§ YOUR GOAL
Where the line containing "128GB DataTraveler Kyson" appears in the records below, begin there and output each line verbatim through the last line.

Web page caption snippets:
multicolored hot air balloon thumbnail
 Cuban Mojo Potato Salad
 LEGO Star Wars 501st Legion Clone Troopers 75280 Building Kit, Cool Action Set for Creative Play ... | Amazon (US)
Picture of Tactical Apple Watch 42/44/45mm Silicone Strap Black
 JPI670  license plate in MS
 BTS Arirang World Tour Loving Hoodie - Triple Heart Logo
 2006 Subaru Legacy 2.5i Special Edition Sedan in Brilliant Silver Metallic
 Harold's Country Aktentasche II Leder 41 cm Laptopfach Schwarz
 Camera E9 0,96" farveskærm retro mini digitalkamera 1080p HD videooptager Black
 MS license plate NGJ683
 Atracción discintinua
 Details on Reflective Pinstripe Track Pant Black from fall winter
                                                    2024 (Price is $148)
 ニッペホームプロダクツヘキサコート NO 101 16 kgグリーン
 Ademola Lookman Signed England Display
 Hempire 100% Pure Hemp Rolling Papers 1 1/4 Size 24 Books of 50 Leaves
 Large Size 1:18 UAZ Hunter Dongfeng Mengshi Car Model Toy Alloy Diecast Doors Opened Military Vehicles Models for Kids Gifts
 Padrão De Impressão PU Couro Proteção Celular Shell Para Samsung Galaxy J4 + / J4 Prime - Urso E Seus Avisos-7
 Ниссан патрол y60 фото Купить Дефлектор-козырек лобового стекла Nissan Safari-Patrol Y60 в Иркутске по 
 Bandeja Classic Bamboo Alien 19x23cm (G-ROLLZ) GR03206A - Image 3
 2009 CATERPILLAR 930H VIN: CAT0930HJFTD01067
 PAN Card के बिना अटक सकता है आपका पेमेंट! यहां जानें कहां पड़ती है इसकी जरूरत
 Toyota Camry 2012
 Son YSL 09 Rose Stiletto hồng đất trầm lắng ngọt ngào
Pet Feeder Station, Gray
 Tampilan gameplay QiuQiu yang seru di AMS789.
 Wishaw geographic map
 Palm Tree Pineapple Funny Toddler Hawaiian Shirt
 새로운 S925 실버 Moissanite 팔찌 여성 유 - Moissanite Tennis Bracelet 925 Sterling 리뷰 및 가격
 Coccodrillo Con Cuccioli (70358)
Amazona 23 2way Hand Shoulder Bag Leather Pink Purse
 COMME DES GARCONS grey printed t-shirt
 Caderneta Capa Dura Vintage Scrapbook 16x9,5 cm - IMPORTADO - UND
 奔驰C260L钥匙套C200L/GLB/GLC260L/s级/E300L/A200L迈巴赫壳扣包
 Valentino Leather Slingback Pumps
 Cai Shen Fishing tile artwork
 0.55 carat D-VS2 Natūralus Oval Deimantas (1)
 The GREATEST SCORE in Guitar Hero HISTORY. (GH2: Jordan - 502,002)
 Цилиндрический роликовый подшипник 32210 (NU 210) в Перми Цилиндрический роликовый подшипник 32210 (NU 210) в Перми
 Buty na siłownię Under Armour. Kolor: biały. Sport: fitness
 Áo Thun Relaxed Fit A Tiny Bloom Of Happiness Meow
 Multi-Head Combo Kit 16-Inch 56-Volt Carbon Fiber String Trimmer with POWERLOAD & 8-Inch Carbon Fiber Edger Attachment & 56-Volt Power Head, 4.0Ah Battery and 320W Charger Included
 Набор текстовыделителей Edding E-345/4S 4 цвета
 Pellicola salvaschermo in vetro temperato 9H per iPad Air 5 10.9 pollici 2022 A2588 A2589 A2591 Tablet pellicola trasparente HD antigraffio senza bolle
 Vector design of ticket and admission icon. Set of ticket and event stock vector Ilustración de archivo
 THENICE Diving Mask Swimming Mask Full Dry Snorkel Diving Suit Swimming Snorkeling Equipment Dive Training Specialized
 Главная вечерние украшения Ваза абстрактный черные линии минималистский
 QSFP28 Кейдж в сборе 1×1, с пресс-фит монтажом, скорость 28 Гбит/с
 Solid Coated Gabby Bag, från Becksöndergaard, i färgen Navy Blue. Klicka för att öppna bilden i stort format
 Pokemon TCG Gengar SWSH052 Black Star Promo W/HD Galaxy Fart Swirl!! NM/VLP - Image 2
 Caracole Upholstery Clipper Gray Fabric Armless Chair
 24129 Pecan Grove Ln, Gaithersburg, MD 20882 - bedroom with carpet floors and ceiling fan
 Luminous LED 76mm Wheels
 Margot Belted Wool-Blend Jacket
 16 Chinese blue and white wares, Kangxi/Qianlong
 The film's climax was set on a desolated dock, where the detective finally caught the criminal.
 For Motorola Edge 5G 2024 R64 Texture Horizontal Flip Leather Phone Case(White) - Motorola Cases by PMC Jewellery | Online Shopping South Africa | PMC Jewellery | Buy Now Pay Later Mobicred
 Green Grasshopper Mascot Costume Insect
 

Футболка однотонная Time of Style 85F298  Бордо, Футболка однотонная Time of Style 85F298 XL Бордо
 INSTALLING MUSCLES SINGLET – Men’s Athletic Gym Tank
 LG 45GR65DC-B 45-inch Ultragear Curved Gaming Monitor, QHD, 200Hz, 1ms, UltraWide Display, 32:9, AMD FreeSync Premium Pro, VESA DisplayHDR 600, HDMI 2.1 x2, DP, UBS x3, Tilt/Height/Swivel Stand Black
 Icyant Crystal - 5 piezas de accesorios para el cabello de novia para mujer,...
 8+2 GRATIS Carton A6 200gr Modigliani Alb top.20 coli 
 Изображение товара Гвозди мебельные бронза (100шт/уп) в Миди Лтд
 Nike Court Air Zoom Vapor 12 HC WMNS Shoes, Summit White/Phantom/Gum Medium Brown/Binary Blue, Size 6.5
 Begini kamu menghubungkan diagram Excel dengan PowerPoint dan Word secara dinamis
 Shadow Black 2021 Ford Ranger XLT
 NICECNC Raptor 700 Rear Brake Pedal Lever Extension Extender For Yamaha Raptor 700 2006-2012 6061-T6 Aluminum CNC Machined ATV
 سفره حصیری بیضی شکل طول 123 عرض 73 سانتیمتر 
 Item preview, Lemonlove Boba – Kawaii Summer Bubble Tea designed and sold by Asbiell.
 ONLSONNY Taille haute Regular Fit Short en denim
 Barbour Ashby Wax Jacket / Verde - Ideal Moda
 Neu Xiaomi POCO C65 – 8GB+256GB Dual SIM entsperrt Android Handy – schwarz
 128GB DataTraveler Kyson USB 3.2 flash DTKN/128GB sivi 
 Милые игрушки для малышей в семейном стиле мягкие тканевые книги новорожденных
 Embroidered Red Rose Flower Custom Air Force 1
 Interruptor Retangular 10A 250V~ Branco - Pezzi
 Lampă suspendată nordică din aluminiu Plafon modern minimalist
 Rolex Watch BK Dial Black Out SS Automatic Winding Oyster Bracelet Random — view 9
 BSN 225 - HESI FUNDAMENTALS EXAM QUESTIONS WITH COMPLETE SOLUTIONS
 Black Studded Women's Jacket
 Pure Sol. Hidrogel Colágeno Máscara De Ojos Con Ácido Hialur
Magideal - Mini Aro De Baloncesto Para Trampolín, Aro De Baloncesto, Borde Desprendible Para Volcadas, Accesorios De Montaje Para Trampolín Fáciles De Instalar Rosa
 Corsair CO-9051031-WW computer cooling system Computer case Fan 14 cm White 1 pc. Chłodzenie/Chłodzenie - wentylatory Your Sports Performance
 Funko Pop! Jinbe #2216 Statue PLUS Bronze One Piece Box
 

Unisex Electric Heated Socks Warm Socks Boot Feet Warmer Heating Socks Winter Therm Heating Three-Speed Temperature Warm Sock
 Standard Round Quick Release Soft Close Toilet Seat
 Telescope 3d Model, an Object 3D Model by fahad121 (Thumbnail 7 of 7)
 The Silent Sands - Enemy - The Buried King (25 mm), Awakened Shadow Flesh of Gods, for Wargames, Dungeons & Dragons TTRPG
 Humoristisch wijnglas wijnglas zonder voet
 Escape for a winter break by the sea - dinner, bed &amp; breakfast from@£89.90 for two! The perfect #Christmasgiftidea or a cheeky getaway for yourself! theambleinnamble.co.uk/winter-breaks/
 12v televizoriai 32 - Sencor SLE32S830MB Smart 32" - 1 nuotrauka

§ RESULT OF THE TASK
 128GB DataTraveler Kyson USB 3.2 flash DTKN/128GB sivi 
 Милые игрушки для малышей в семейном стиле мягкие тканевые книги новорожденных
 Embroidered Red Rose Flower Custom Air Force 1
 Interruptor Retangular 10A 250V~ Branco - Pezzi
 Lampă suspendată nordică din aluminiu Plafon modern minimalist
 Rolex Watch BK Dial Black Out SS Automatic Winding Oyster Bracelet Random — view 9
 BSN 225 - HESI FUNDAMENTALS EXAM QUESTIONS WITH COMPLETE SOLUTIONS
 Black Studded Women's Jacket
 Pure Sol. Hidrogel Colágeno Máscara De Ojos Con Ácido Hialur
Magideal - Mini Aro De Baloncesto Para Trampolín, Aro De Baloncesto, Borde Desprendible Para Volcadas, Accesorios De Montaje Para Trampolín Fáciles De Instalar Rosa
 Corsair CO-9051031-WW computer cooling system Computer case Fan 14 cm White 1 pc. Chłodzenie/Chłodzenie - wentylatory Your Sports Performance
 Funko Pop! Jinbe #2216 Statue PLUS Bronze One Piece Box
 

Unisex Electric Heated Socks Warm Socks Boot Feet Warmer Heating Socks Winter Therm Heating Three-Speed Temperature Warm Sock
 Standard Round Quick Release Soft Close Toilet Seat
 Telescope 3d Model, an Object 3D Model by fahad121 (Thumbnail 7 of 7)
 The Silent Sands - Enemy - The Buried King (25 mm), Awakened Shadow Flesh of Gods, for Wargames, Dungeons & Dragons TTRPG
 Humoristisch wijnglas wijnglas zonder voet
 Escape for a winter break by the sea - dinner, bed &amp; breakfast from@£89.90 for two! The perfect #Christmasgiftidea or a cheeky getaway for yourself! theambleinnamble.co.uk/winter-breaks/
 12v televizoriai 32 - Sencor SLE32S830MB Smart 32" - 1 nuotrauka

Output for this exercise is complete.